Here are the definitions:
Fréchet-Urysohn space: A topological space $ X $ where for every $ A \subseteq X $ and every $ x \in \text{cl}(A) $, there exists a sequence $ (x_{n})_{n \in \mathbb{N}} $ in $ A $ converging to $ x $.
How to show that first countable spaces are Fréchet-Urysohn Space?

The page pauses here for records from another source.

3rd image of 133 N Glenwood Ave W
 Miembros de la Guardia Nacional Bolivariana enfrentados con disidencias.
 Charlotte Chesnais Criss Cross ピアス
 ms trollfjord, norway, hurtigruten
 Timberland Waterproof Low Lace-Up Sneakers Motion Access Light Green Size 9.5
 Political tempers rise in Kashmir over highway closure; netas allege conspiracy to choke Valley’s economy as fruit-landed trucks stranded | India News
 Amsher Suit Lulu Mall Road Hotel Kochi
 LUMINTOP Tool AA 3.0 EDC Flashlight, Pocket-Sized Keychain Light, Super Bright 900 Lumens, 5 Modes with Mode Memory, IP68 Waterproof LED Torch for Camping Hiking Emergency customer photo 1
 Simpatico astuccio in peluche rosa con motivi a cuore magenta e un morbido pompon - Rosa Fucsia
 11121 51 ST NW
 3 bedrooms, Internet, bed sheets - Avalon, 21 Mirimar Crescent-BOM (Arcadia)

Let $X$ be a first countable topological space. Let $ x \in \text{cl}(A) $ that means $x$ is a limit point of $A$. By first countability there exists a countable neighborhood base for the point $x$ say $\{N_i\}_{i=1}^{\infty}$ . Now for $x\in N_1$ there exists $x_1\in A$ such that $x_1\in N_1$ , similarly for $x\in N_k$ there exists $x_k\in A$ such that $x_k\in N_1$ .
Claim:$\{x_k\}_{k\in \mathbb{N}}$ converges to $x$. Let $U$ be an arbitrary open neighborhood of $x$ then there exists an $N_i$ such that $N_i\subset U$. Then how to proceed? Maybe this procedure will not work.
Best Answer
This is T000183 in the pi-Base; note that it does not reverse as the Finite complement topology on the real numbers and Fort Space on the Real Numbers are counterexamples.
As noted by Oliver in the comments, to finish your proof, simply assume $N_{n+1}\subseteq N_n$ in your countable base; then for any neighborhood $U$ of $x$, pick $N_n\subseteq U$, and then $\{x_m:m\geq n\}\subseteq U$, showing convergence.